Hers flies the banner of self-care, beneath which so many new companies, products and services have begun to crowd. And self-care, like its near cousin wellness, is an amorphous, evolving term, an open tent. It can encompass the nebulous and the scientific, the affective and the effective alike: sound baths and crystal healing, face masks and pore strips, therapy and traditional internal medicine, CBD and, well, TBD.
But one thing that emerges from a scan of the landscape is that many new contenders are addressing themselves plainly and openly to sexual health and wellness.
Nécessaire, a body care label that will be introduced later this month, is one example. The creation of Nick Axelrod, one of the founders of Into the Gloss, and Randi Christiansen, a longtime Estée Lauder executive, it includes not only body lotion and body wash but also lubricant in its Vogue-friendly offerings.
Products from Maude, including a vibrator and Shine, an organic personal lubricant.
And last April, Eva Goicochea, a former Everlane staffer, and Dina Epstein, who worked in the sex-toy industry, created Maude, which makes and sells condoms, lubricant and vibrators in chic, coffee-table-ready packaging. (They stress that the site is unisex and designed for all.)
Sexual health, Ms. Goicochea said, is rapidly moving toward the mainstream, carried in part by the momentum of self-care. (She and Maude recently participated in “Extreme Self Care Day” at the Wing.) “Last year, people looked at you sideways and said, ‘What are you talking about?’” she said. “We always knew that this was the next frontier.”
One of the distinguishing characteristics of the Hers, as well as of competitors like Ro (né Roman), which also arrived last year to provide online solutions for erectile dysfunction and a handful of other sexual health issues, and is planning to introduce a women’s vertical next year, is an emphasis on telemedicine. That is, medical consultations done digitally, a phenomenon that is increasing among start-ups and at traditional medical centers.
“I think we’re in the middle of a dramatic transition,” said Dr. Peter Greenwald, an emergency medicine specialist at NewYork-Presbyterian Hospital, where he works on the hospital’s telemedicine efforts. “There’s a real privacy advantage. And when you don’t have to leave your couch, even better.”
Addyi, a prescription pill for hypoactive sexual desire disorder, is sold by Hers.
Dr.

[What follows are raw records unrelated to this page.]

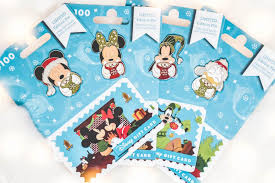 disney gift card holiday pin series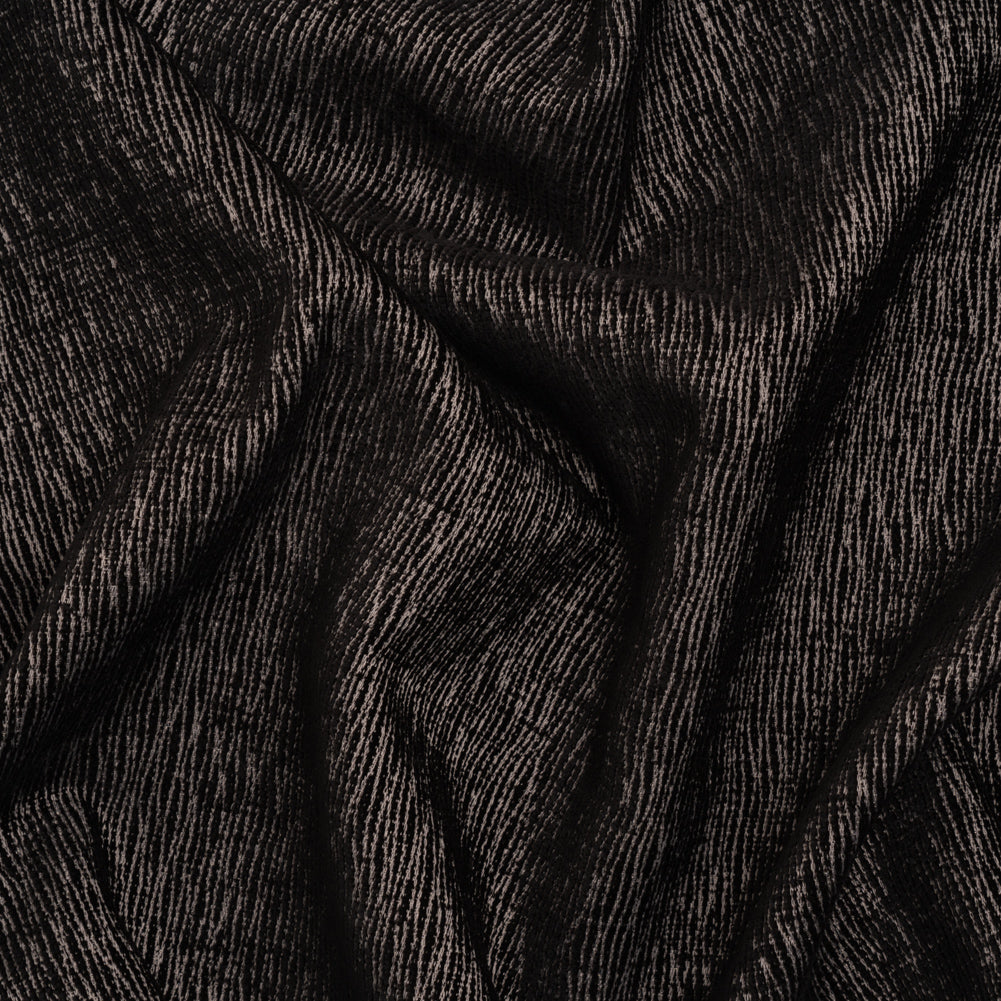 Chenille Upholstery Woven with Latex Backing - Charcoal - Lovell Collection - Joann Fabrics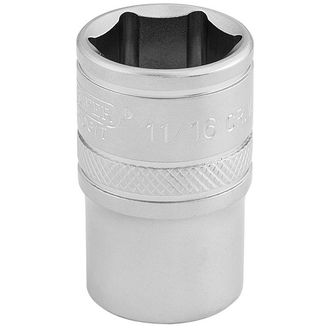 Draper 16630 1/2" Sq. Dr. 6 Point Imperial Socket (11/16")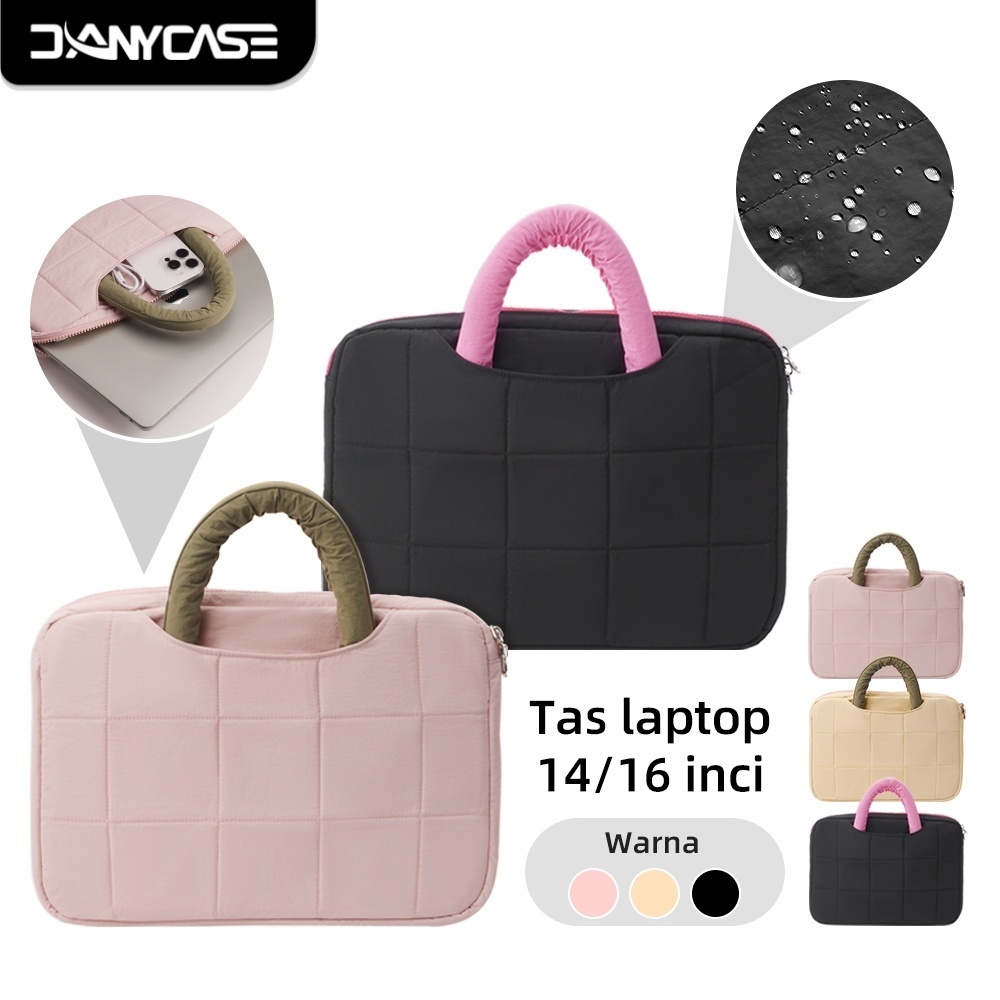 DANYCASE Waterproof Laptop Bag 16 Inch Anti Shock - Laptop Sleeve with Handbag for MacBook Pro/Air, Business Backpack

Greenwald said that while telemedicine should not and could not replace traditional doctor’s visits, it has the potential to expand access to medical care. Some diagnoses, he said, are easy enough to make telemedically; others are better made in person.

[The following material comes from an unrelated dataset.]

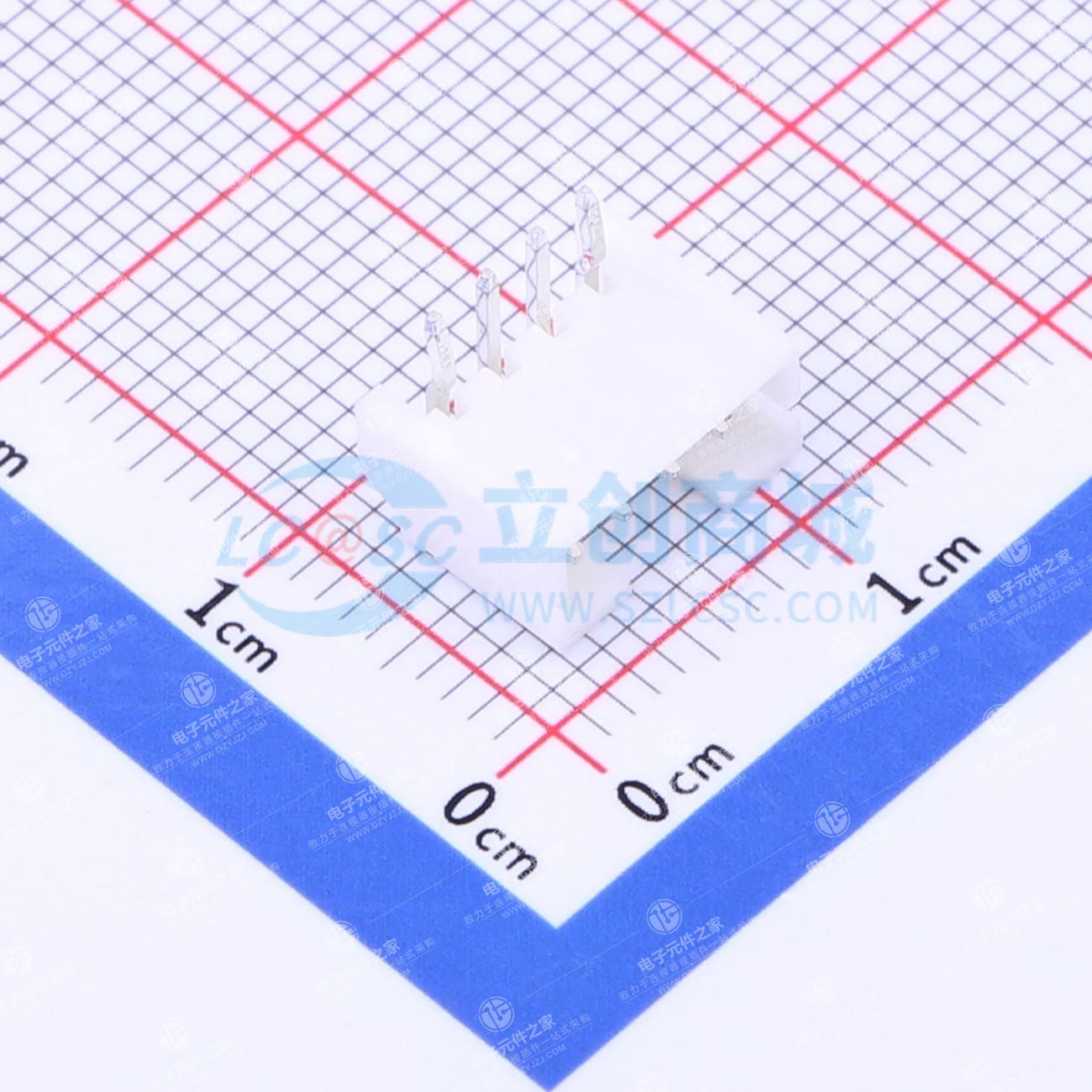 1x4P 间距:2mm 弯插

Marketing drugs directly to patients, rather than to doctors, carries its own risks. Hers trumpets that it offers Addyi, though the drug has had a troubled journey to market, and some medical professionals have questioned its effectiveness — or at the very least, the wisdom of prescribing it without a physical examination. Ms. Coles responded by saying that it was critical for women to have access to the only drug on the market addressing hypoactive sexual desire disorder.

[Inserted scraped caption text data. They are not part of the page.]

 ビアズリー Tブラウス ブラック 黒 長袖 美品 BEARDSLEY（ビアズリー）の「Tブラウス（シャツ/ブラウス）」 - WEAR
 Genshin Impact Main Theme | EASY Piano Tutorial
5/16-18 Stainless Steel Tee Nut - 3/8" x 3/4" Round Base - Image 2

Others preferred to take on the question of arousal more holistically.
“We’re not interested in pharmaceuticals,” Ms. Goicochea said. “As far as we would go is more on the vitamin side.” She added that Maude would soon be introducing a massage candle.
“We’re not trying to sell the silver bullet to your E.D. problems,” Ms. Goicochea said. “We’re saying: If you don’t make time for it at all, it’ll never happen anyway.”